HPC1: Introduction to High Performance Computing

University of Leeds Research Computing Team

Overview

Welcome to the course notes for HPC1: Introduction to High Performance Computing!

Account Required

You need an account on Aire in order to complete this course. Please request an account as soon as possible (at least a week before the course begins) to ensure you can participate fully.

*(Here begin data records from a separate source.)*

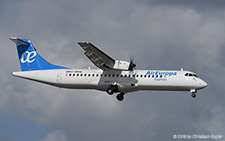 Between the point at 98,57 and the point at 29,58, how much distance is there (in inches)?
285

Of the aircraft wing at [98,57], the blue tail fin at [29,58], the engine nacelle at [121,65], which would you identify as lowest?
the engine nacelle at [121,65]

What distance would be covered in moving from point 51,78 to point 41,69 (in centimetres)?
161

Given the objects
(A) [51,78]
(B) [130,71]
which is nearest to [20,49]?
(A) [51,78]

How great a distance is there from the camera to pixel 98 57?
30.7 m

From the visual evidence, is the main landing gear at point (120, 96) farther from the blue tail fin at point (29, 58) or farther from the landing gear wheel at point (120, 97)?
the blue tail fin at point (29, 58)

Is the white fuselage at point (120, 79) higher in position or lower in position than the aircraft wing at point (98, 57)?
lower

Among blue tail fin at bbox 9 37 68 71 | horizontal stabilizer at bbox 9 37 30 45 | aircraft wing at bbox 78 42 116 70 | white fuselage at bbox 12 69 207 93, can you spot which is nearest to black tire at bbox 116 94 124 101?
white fuselage at bbox 12 69 207 93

Visit our training page to find upcoming dates and book.

Learning objectives

By the end of this workshop, you will be able to:

Navigate and work more confidently in a Linux-based HPC environment
Identify and access appropriate software tools for your research
Plan and execute HPC jobs independently
Make informed decisions about computational resource requirements
Organise and store your research data effectively

This course is perfect for you if you’re completely new to High Performance Computing, or if you have some HPC experience elsewhere but are new to the platforms and resources at Leeds.

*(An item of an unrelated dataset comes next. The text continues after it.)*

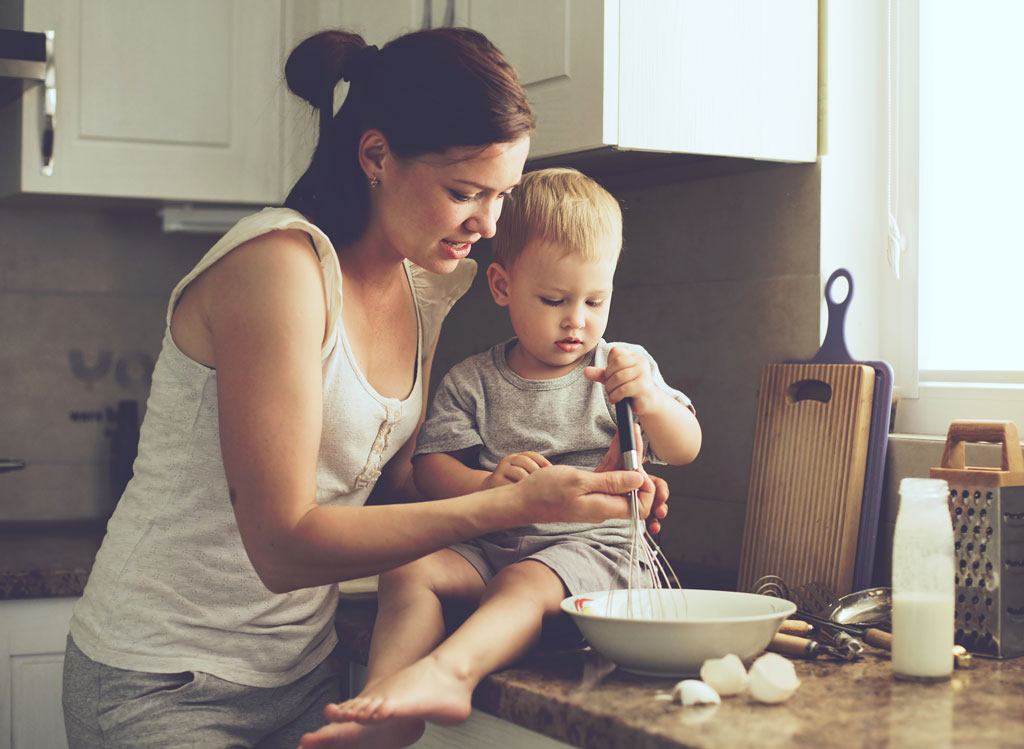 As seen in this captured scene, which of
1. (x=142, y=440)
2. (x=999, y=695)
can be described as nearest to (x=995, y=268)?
(x=999, y=695)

This session has no coding/practical exercises.

Topics

In this course, we cover:

Transferring data to and from HPC resources
Managing storage on HPC resources
Job submission, monitoring and cancellation
Accessing different software on the HPC system
Developing scripts to run codes and applications
Benchmarking and analysing how jobs scale

These notes are based on our HPC user documentation; you can find more details on any of the topics there!

Prerequisites

In order to participate in this course, you will need:

An account on the Aire HPC platform
To be able to remotely connect to Aire from your machine
Basic Linux command line experience
- Attend or read through our Linux course materials here HPC0: Introduction to Command Line Linux if you are unfailliar with working from the command line

Aire Account

You need an account on Aire in order to complete this course. Please request an account as soon as possible (at least a week before the course begins) to ensure you can participate fully.

Connection Requirements

You need to be able to connect to Aire from your machine for this course. If you are attending this course in person and do not plan on using your own laptop, we will show you how to connect from one of the cluster machines.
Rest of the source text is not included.